What Hezbollah seems unable to do is fully justify its support for the brutal Assad regime. A regime so disliked by the Lebanese that there are even leaked videos of Hezbollah fighters mocking Assad’s army. From my own interactions with Hezbollah members, the impression I get is clear: they may not like Assad personally – very few people do – but they view their presence in Syria as an existential must. Whether this is true or not is besides the point here. What is new here is Hezbollah members feeling the need to justify their actions – a fact that was never needed when the fight was against Israel. Hezbollah even shot back at the backlash against its actions in Madaya, accusing rebels of “monopolising the dwindling food supplies in Madaya and refusing to allow civilians to leave” (incidentally, not unlike the rhetoric used by Israel supporters when they want to distract from the suffering caused by the blockade of Gaza). This is due to the fact that for the first time it was they, the Syrians, who became the resistance to the invaders – Hezbollah. In other words, Hezbollah’s military invasion of Syria upended the monopoly of the Resistance™ on the narrative of resistance. 

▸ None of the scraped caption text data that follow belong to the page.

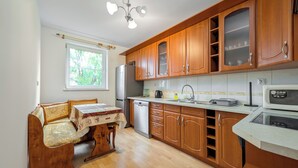 Eine kleine Küche mit Holzausstattung, einem Kühlschrank, einer Mikrowelle und einem Essbereich mit Tisch und Stühlen.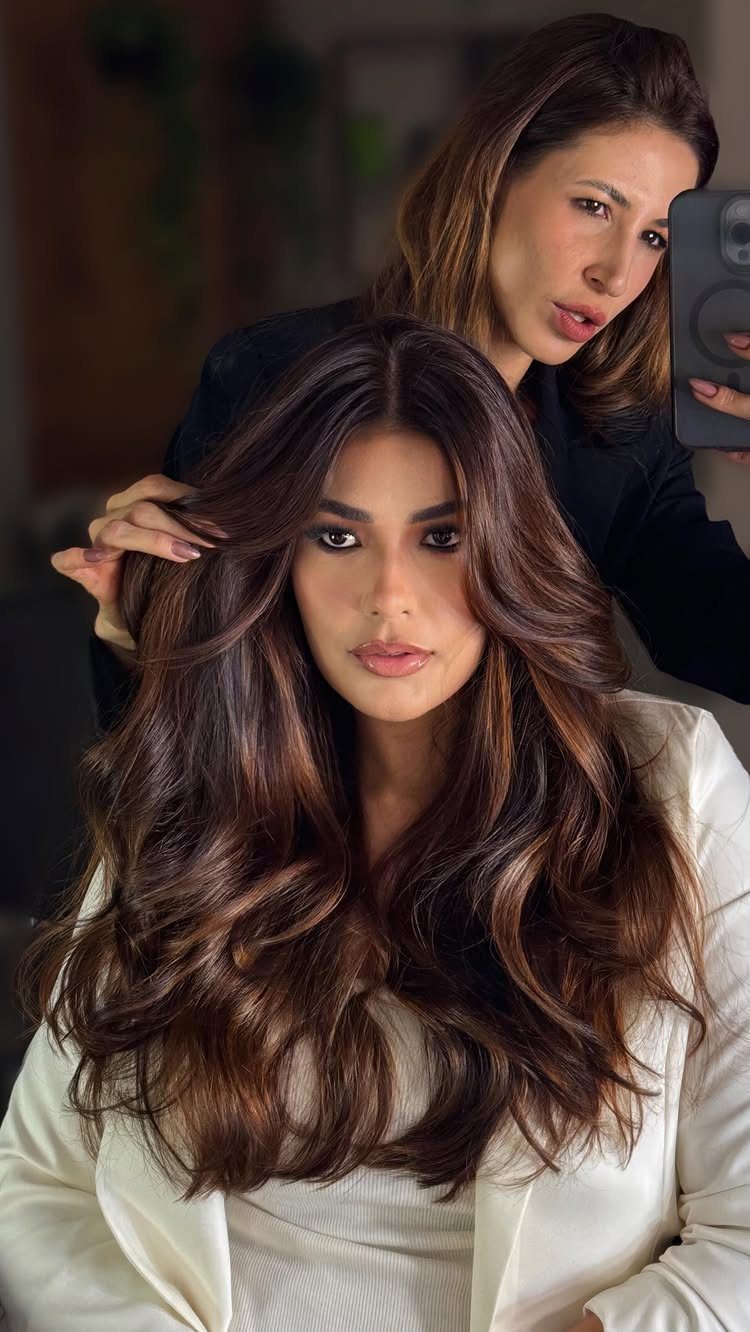 Long chocolate-brown hair with subtle brown highlights styled in loose, voluminous waves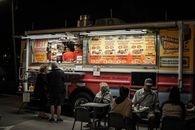 People Sitting on Chair Near Food Stall during Night Time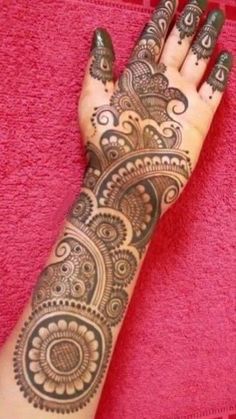 a woman's hand with henna tattoos on it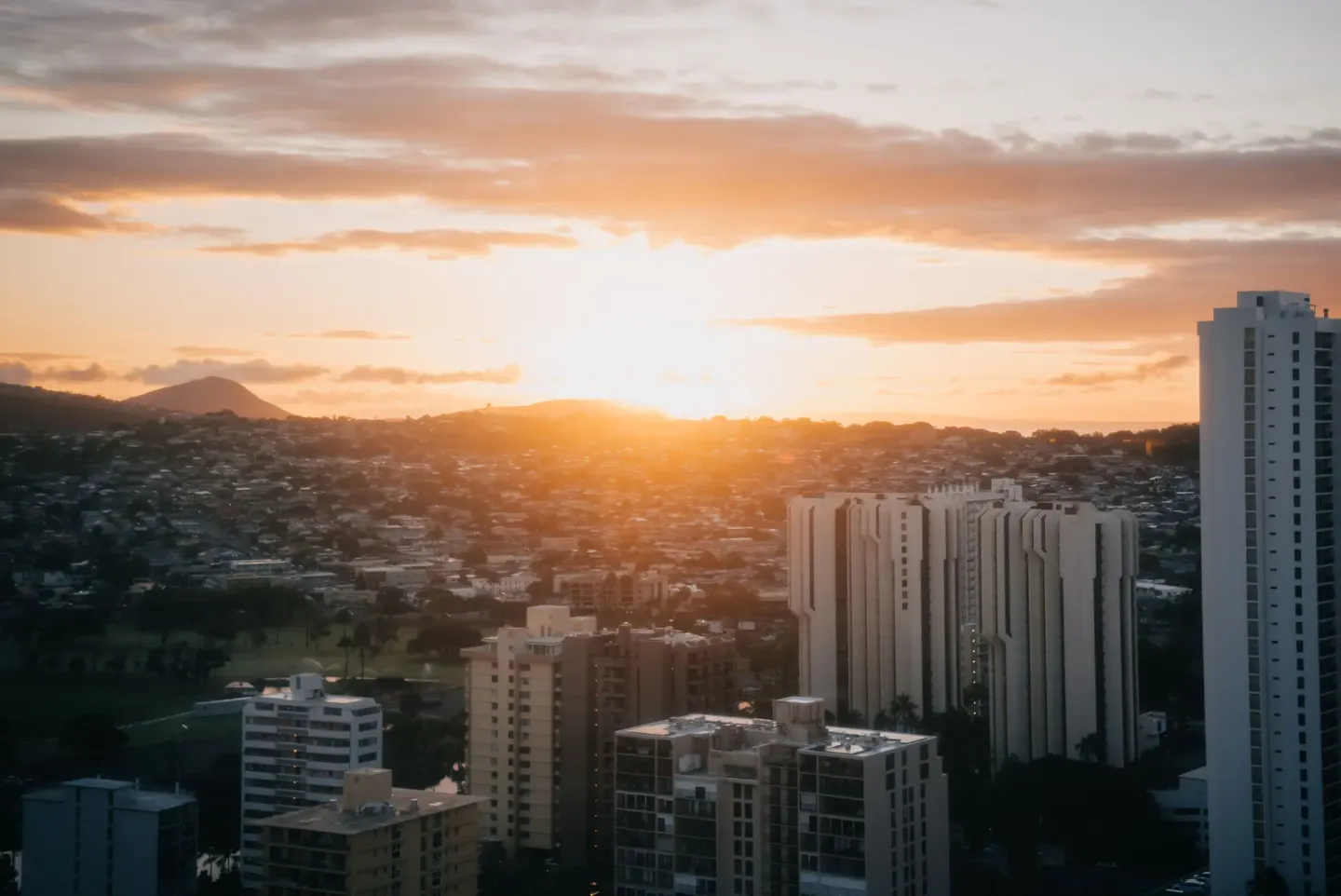 Sunset over Honolulu buildings and hills as seen from Pacific Monarch Hotel.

The Resistance™ against resistance

Hezbollah’s military policy created its own type of war economy. In the words of Ghaleb Yaghi, a former mayor of Baalbek who ran against Hezbollah as the head of the Baalbek Madinati (‘Baalbek My City’) list during the 2016 municipality elections, Hezbollah has managed to mobilise its base partially through financial incentives. “Unemployment has become very high in Baalbek, and the young people can’t find work,” Yaghi was quoted as saying in an article in The Atlantic. “So the alternative to finding work is to join Hezbollah for $400 a month, and go off and fight somewhere… And then he comes back in a box, as a martyr.” [Hezbollah and its allies won 26 out of the 27 seats reserved for Shias that election, although their performance at the 2018 parliamentary elections was not as impressive.]

Hezbollah’s dominant status was actually reflected by Yaghi himself who, despite running against the group, was very careful not to attack its title of Resistance™, saying “we’re not against Hezbollah as a resistance, so long as it resists in the right way”. This, as mentioned above, is a highly sensitive issue. To even suggest that Hezbollah is against resistance anywhere will invite serious opposition, including threats or worse. A now-notorious video from a protest in October 2017 showed a man in Dahieh, the Beirut suburb where Hezbollah dominates politically, directly insulting Nasrallah – an extremely taboo thing to do. He prefaced the insult with ‘stop sending the youth of the party to go fight in Syria’. Another woman said: “We all provided martyrs for you in Syria. I have three injured sons.” These are just two of the many who protested that day. Words like ‘shabiha’, pro-Assad sectarian thugs, were uttered alongside other forms of defiance.  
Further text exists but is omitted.